─── EXCERPTED DATA ───

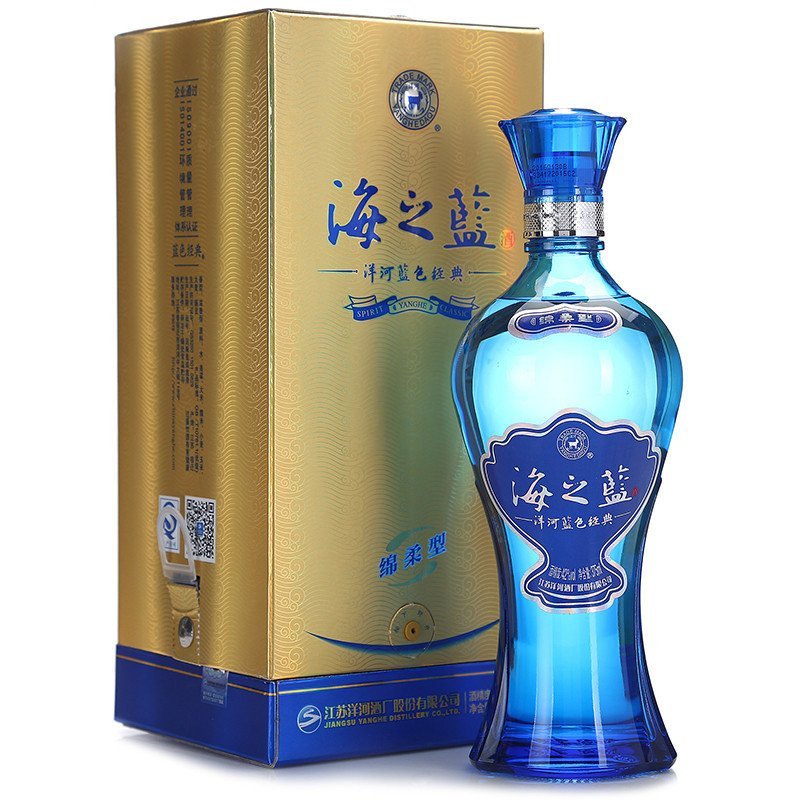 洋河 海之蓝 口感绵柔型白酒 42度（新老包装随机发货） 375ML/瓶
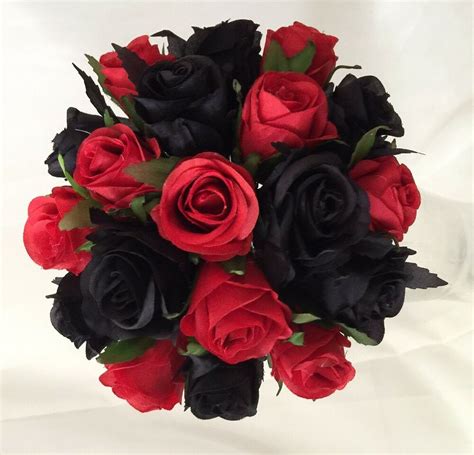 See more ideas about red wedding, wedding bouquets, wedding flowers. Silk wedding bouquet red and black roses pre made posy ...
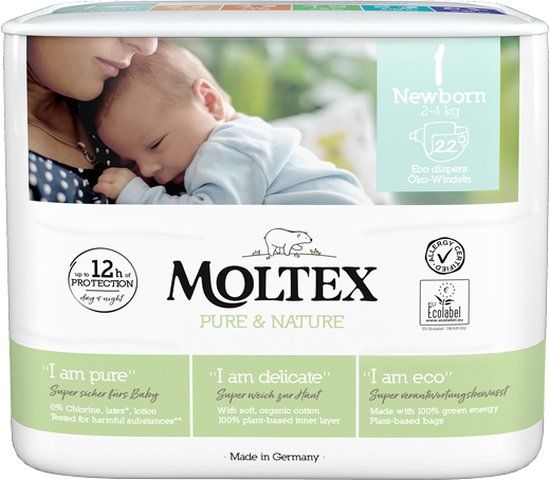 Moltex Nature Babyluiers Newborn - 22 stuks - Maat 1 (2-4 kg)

───
─── EXCERPTED DATA ───

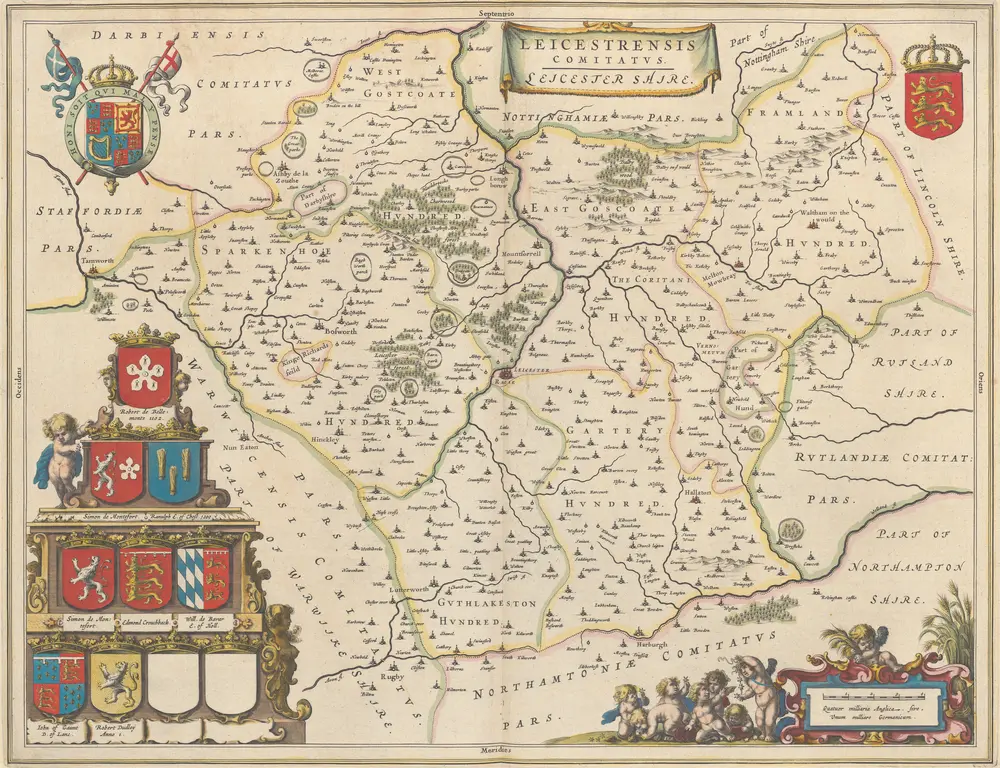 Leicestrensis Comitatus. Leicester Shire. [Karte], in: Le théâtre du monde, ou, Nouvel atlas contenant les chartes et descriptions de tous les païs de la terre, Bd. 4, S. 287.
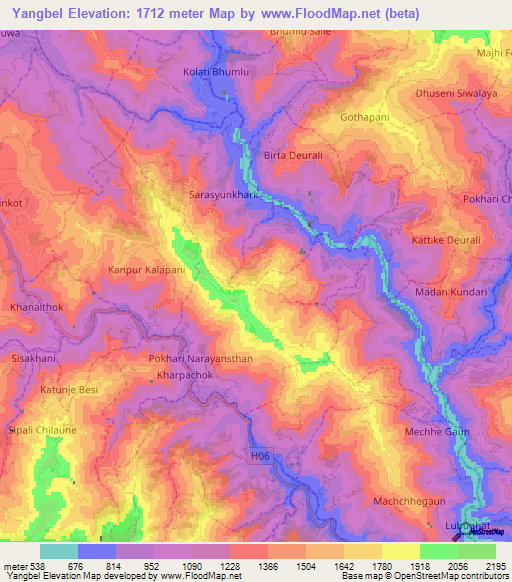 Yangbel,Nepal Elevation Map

───
─── EXCERPTED DATA ───

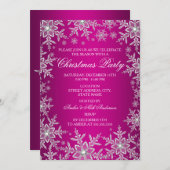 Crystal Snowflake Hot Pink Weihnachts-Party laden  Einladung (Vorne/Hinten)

───

TASK TO CARRY OUT: From the listing above, restate verbatim the lines running from the one with "洋河 海之蓝 口感绵柔型白酒 42度（新老包装随机发货） 375ML/瓶" through the one with "Moltex Nature Babyluiers", inclusive, but not the pictures.

TASK SOLUTION:
 洋河 海之蓝 口感绵柔型白酒 42度（新老包装随机发货） 375ML/瓶
 See more ideas about red wedding, wedding bouquets, wedding flowers. Silk wedding bouquet red and black roses pre made posy ...
 Moltex Nature Babyluiers Newborn - 22 stuks - Maat 1 (2-4 kg)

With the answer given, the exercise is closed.